[comp.arch] Parity checking ALU's

mark@mips.COM (Mark G. Johnson) (01/18/90)

In article <48540@sgi.sgi.com> rpw3@rigden.UUCP (Robert P. Warnock) writes:
   >
   > ... [gives an example of a PDP-10 CPU failure]
   >
   >ALU parity adds some confidence, but not certainty. And no help in
   >this case.

I'll go farther and get flamed warmer:  ALU PARITY IS A RED HERRING: since
the ALU is typically less than 20% of the hardware of a CPU, parity-izing
it (and nothing else) has near negligible effect on overall system reliability.

Why don't people add parity to the program counter; it's an adder just like
the ALU.  How about the register scoreboard hardware: it's *more* gates than
an adder.  One doesn't often hear of parity on the floating-point execution
units: why is that?  Or the branch target cache/buffer: it consumes more area 
on single-chip CPU's than does the ALU.  Why not parity on the TLB?  Or, worst
of all, why not put parity on the logic that detects an interrupt/exception?

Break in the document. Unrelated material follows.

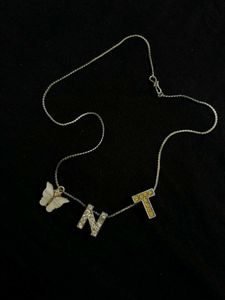 Chains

I'll propose an answer: those who put parity on the ALU do so *because it's
easy*.  It's hard to put parity on a TLB; consider the '386's 4-way set
associative TLB and think about the elegance (and on-chip bussing delights)
of hanging parity on that.  Interrupt logic: forget it.

Summary and lightning rod: Internal logic of CPU's is incredibly difficult
to compute parity on, except for a couple special cases (ALU, registers).
Putting parity on these makes a nice bullet for your marketing slides
but doesn't protect a very large fraction of the potential hw faults.
Other elements of a system are more amenable to protection via (parity, ECC)
{like memories and busses}, so most hw faults in these regions of the
machine can be detected with (parity, ECC).
-- 
 -- Mark Johnson	
 	MIPS Computer Systems, 930 E. Arques, Sunnyvale, CA 94086
	(408) 991-0208    mark@mips.com  {or ...!decwrl!mips!mark}